Aus dem Leben

  17.10.2024 Reportagen

Die Blicke der Menschen lassen mich spüren, dass wir nicht in einem üblichen Personenwagen unterwegs sind. In ihrem Ausdruck erkenne ich eine Mischung aus Verunsicherung und Respekt. Der erste Atemzug bei der Geburt ist schicksalshaft mit dem Tod verbunden. Wir wissen das, dennoch ist die Erinnerung daran, ausgelöst durch einen vorbeiziehenden Leichenwagen, wohl für die meisten ein unerwünschter Mahnruf.

Gemessen an der Zahl der Passanten, die die Hand zum Gruss heben, scheint der Mann am Steuer im dunklen Wagen bekannt wie ein bunter Hund zu sein. Diese unvermittelte Geste zeigt, dass sich nicht alle von der Präsenz des Todes erschlagen fühlen, sondern durchaus lebensbejahend die unausweichliche Tatsache der Endlichkeit miteinschliessen. Eine erfrischende Erfahrung, die ich übrigens ausnahmslos mit allen im Prozess der Bestattung Beteiligten mache.
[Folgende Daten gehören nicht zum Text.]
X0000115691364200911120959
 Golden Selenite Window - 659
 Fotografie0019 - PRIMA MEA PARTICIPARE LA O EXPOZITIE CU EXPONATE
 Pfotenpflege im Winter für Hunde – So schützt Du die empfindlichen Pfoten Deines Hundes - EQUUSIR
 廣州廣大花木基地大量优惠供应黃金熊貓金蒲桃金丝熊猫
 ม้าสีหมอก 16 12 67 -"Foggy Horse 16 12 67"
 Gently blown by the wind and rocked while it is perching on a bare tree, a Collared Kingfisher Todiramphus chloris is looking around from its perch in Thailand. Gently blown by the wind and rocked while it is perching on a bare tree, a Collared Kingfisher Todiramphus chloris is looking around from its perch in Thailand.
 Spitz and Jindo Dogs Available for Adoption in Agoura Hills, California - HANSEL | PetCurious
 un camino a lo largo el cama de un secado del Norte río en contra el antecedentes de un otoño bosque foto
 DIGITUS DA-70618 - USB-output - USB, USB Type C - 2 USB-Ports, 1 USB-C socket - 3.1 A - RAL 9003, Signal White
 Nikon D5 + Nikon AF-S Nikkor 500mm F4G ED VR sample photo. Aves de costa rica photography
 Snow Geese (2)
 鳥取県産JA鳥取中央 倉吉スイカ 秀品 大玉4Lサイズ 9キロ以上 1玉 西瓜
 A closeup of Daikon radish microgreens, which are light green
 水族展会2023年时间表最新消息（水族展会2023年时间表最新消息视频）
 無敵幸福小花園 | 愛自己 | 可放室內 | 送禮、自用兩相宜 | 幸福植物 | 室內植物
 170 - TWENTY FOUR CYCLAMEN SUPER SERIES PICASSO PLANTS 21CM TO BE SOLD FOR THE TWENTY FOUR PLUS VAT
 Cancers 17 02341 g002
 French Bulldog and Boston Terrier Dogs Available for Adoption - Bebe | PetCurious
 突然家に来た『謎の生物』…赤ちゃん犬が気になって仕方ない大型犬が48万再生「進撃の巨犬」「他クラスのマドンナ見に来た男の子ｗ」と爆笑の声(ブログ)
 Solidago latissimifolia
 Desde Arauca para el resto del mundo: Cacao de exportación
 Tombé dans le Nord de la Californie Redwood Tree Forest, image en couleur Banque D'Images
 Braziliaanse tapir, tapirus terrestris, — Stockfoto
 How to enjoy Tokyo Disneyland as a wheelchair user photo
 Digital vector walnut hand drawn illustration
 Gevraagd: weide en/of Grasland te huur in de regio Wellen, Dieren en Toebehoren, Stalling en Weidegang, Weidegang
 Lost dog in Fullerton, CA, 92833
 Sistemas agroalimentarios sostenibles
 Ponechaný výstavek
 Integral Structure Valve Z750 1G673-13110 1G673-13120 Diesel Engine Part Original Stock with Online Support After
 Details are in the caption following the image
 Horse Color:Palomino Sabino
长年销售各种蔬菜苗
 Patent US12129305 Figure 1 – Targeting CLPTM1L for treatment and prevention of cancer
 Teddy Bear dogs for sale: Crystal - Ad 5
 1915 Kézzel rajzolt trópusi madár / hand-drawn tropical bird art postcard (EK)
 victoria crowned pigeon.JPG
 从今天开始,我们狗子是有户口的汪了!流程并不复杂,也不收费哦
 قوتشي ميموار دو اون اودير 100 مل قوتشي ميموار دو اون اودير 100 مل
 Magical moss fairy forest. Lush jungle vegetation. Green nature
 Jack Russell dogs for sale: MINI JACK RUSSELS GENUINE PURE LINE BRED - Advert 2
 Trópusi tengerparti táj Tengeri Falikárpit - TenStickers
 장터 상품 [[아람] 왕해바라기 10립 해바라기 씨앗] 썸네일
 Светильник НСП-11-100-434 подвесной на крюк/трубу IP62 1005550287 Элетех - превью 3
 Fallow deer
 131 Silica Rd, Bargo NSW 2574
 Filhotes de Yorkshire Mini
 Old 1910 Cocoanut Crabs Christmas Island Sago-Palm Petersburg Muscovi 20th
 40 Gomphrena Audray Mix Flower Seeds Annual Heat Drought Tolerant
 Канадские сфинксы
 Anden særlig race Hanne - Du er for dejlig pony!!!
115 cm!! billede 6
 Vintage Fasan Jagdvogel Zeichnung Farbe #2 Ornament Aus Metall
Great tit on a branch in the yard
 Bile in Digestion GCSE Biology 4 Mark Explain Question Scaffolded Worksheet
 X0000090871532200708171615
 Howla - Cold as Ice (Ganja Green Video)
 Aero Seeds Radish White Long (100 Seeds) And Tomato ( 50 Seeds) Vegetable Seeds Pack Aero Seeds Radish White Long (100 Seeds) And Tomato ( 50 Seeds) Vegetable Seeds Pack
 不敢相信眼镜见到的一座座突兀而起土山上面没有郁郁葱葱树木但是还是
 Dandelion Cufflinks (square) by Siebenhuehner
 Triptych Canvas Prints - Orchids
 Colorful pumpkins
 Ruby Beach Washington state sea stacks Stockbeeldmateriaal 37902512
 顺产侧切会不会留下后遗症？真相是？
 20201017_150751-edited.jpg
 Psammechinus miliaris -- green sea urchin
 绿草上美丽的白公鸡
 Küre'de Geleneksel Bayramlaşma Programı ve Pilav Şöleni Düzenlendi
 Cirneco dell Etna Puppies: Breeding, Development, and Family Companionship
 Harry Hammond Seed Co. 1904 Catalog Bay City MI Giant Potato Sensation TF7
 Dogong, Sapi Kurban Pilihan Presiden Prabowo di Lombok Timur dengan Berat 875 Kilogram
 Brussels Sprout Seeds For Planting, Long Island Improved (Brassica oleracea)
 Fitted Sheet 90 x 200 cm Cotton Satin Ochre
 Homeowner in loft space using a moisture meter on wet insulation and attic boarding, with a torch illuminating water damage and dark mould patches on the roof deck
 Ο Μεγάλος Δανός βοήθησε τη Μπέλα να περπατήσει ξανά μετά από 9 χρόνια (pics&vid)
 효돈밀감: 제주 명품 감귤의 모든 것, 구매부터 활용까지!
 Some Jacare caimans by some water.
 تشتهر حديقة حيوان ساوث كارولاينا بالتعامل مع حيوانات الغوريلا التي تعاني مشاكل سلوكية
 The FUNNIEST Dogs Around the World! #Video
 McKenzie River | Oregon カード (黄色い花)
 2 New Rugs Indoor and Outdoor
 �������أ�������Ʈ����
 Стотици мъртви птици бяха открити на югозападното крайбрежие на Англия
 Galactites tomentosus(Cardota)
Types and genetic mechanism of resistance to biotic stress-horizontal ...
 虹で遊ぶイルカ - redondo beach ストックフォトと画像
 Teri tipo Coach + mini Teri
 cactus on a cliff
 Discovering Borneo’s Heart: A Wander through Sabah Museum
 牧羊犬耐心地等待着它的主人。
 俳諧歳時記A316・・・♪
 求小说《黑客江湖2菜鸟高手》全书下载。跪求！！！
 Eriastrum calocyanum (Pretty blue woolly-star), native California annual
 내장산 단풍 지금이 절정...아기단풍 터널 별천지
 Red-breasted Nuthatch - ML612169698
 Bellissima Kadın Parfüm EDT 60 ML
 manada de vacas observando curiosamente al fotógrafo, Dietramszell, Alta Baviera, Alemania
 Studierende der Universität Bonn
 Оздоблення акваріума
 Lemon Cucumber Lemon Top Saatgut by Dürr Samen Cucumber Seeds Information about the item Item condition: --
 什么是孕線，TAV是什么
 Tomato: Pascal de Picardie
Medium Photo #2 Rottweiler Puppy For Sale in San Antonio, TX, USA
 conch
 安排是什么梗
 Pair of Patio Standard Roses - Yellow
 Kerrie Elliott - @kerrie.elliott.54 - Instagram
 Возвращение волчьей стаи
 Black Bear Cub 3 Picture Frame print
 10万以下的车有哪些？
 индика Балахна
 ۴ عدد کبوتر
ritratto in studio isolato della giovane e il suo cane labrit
Im Sarglager reihen sich nicht nur verschiedene Modelle, sondern auch unterschiedliche Grössen von stehenden Särgen aneinander. Alle fein säuberlich in eine transparente Hülle verpackt, bereit, einen Menschen auf seiner letzten Meile zu beherbergen. Nun erschliesst sich mir, warum der Bestatter bei der Trauerfamilie nach Gewicht und Grösse der Verstorbenen gefragt hat. Für das Interieur stehen mehrere Farb- und Weisstöne zur Auswahl und der Bestatter staffiert mit geübten Griffen die rohe Holzhülle mit Baumwoll-Polsterung und Kissen in Naturweiss aus.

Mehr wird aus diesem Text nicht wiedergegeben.